I didn’t get a chance to post a blog post back in January when Dave and I went on a 3-hour whale watch boat tour. Truth be told, it wouldn’t have been a very interesting blog post, since we saw precisely zero whales. We did have a nice boat ride, the highlights of which were a huge group of California sea lions, some beautiful common murres flying in formation over the water, and a really good look at Mavericks. We made a whole day out of it: drove down the coast afterward, had lunch in Santa Cruz, stopped at Pigeon Point Lighthouse.
I was pleasantly surprised the following Monday when I received an email from the Oceanic Society acknowledging the “regrettable fact” that we hadn’t seen any whales, and offering us the opportunity to reschedule for another tour at no additional charge. Sure, why not?

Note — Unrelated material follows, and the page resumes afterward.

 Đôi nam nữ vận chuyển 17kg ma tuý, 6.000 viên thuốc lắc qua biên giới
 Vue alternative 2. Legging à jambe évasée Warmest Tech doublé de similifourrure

So we set out once again for Half Moon Bay and got on a boat in Pillar Point Harbor with about 40 other people, plus a naturalist and two women from the Marine Mammal Center. As before, the captain of the ship shared that previous trips that week had spotted quite a few whales, and at this time of year it is common to see mother whales with their calves returning from Baja California. We went about a mile and a half out from shore, and headed south.
This time the trip was a bit warmer, slightly less overcast, but fewer sea lions and sea birds overall. We did see harbor porpoises quite a few times – at least, their fins – but they’re really hard to photograph.

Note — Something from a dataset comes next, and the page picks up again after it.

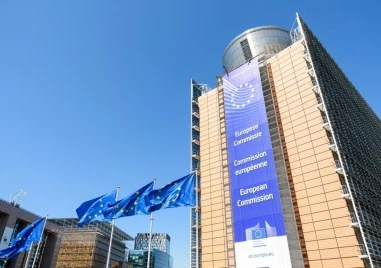 ЕК категорично: България в еврозоната от 1 януари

After heading south for over an hour, the captain came on the PA system with what had become a familiar announcement: “Well, folks, I don’t know what to say….” He turned toward the coast and started heading north about a half mile off shore. The shoreline on this part of the coast is just beautiful from the water – one would never know from land how cool the cliffs look below.
At last, someone spotted a whale! A spout, a little bit of the back… and then the whale dove underwater. The ship stopped to wait, while the captain explained that typically whales stay underwater for 3-5 minutes before coming back up for air. We waited at least 10 minutes before the captain concluded that we must have spooked it. He poked along up the perhaps empty whale highway to see if we could find any of this one’s companions, but no luck. That was our whale spotting for this trip.

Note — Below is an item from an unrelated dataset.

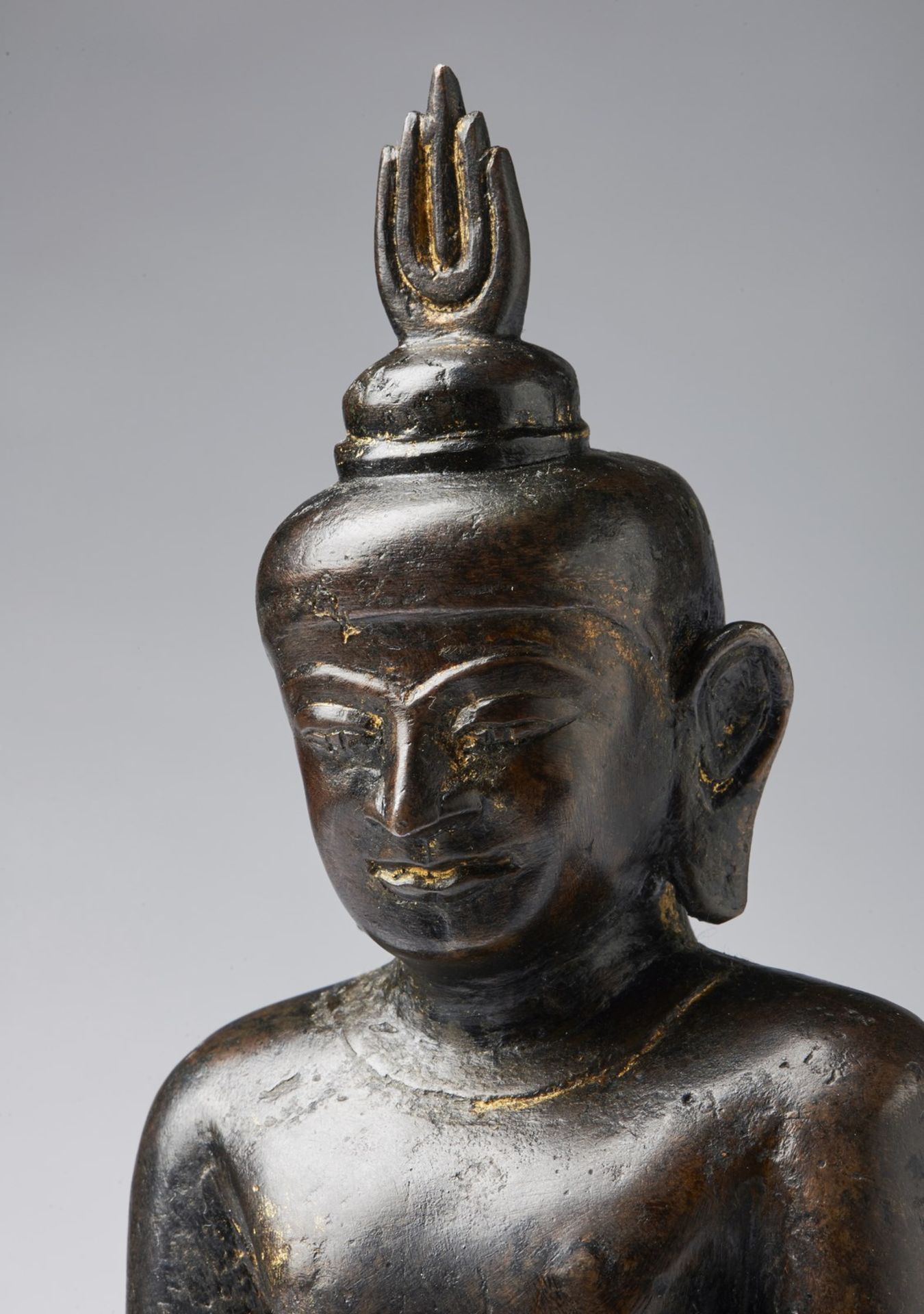 Arte Sud-Est Asiatico A dark bronze figure of seated Buddha with flaming headdressBurma, Post Pagan - Bild 5 aus 6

Dave and I shrugged, and figured we got 6 hours’ worth of boat rides for the price of three. When we got back to shore, we got into our ZipCar and drove down past Pescadero to the Highway 1 Brewing Company, where we had a very yummy lunch. (Don’t let the menu fool you. It’s a lot of food.)
Heading back up the coast, Dave wanted to stop to get a couple of photos of Pigeon Point Lighthouse as seen from the south. I sat in the car and gazed at the ocean while he darted across the highway to get his shots. As I watched, I saw no fewer than six whale spouts! Dave saw them too, and when he got back in the car, he suggested we drive over to the lighthouse, where there’s a perfect overlook for whale spotting.
Our luck evened out. There were quite a few whales traversing the whale highway just a few dozen yards from shore. Our timing was perfect – a calf decided to dance out of the water while we watched! We overheard the park rangers a bit later talking about how that was the only whale breech that day. Very exciting! Check out Dave’s sequence photo here.
The lesson learned is that a boat tour doesn’t seem to be necessary to see whales along the California coast, as long as you know where to go. Still, the boat was a fun time.